Task prompt: Each time a line of the listing holds "governance", copy that line.

Task inputs:
::::

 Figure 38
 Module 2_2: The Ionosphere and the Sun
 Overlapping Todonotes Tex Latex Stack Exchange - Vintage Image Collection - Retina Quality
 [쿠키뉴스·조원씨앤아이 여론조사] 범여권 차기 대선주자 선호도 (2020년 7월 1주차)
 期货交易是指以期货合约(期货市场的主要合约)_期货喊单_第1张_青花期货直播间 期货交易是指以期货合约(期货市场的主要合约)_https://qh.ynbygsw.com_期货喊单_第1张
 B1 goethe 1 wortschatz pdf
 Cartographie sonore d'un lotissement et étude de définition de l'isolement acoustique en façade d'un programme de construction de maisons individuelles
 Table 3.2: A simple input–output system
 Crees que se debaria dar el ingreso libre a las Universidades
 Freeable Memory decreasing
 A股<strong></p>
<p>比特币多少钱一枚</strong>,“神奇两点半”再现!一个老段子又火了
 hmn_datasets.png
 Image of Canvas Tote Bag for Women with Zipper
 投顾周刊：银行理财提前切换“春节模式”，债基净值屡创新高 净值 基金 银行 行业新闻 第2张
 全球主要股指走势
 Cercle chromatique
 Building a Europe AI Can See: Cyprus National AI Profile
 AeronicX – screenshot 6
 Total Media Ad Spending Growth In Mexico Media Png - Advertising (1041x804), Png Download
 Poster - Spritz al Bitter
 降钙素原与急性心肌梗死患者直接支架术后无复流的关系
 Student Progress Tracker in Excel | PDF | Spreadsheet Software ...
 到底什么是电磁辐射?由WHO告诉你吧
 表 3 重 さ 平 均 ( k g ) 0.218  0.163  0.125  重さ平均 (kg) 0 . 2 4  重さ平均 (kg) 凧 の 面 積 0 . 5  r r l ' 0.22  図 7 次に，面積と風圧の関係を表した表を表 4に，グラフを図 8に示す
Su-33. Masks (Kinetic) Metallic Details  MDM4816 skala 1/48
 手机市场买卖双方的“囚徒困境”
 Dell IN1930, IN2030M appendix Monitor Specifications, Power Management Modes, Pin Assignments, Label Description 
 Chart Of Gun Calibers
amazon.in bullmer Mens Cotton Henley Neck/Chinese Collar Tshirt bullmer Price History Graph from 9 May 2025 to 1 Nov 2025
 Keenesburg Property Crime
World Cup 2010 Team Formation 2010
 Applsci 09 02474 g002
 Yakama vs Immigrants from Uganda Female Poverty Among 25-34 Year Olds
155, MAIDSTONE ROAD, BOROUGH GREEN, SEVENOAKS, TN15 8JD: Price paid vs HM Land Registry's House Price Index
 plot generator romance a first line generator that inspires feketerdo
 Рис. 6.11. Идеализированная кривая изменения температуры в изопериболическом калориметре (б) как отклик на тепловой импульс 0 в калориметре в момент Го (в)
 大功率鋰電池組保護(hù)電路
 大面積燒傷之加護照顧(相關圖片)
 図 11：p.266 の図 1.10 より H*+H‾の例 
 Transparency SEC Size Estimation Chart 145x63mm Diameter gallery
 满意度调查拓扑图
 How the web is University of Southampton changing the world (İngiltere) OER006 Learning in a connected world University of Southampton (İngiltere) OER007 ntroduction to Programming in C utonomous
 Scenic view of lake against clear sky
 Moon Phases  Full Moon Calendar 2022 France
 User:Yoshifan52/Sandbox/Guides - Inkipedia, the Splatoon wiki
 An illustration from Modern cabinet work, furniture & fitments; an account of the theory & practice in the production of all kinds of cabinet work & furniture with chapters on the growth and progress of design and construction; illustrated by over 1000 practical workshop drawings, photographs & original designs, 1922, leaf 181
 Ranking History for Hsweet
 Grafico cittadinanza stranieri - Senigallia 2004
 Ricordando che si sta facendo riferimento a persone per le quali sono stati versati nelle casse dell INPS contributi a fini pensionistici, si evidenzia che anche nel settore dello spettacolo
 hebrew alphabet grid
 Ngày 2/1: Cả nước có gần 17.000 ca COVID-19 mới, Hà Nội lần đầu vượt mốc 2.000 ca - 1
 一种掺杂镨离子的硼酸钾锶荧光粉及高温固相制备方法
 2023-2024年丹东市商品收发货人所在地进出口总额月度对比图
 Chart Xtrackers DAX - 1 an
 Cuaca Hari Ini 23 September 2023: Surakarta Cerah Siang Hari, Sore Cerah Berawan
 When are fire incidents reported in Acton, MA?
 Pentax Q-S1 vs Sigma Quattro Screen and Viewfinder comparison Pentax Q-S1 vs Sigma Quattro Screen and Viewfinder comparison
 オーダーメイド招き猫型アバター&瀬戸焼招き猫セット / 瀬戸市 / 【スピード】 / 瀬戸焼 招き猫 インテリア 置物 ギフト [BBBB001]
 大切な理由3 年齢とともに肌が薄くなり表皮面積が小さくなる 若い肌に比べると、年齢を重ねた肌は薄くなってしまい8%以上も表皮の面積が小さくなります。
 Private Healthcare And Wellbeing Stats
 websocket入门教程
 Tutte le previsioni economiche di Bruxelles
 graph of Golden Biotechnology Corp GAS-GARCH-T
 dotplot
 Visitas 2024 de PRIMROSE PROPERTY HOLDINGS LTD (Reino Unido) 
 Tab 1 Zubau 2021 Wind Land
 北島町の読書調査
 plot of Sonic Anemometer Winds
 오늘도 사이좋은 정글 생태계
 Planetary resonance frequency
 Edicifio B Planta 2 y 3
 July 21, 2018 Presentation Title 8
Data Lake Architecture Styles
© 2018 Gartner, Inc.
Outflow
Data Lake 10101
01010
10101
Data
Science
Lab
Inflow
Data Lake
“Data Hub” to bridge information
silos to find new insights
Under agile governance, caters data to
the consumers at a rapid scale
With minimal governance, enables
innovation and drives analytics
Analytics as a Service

::::

Your response:
Under agile governance, caters data to
With minimal governance, enables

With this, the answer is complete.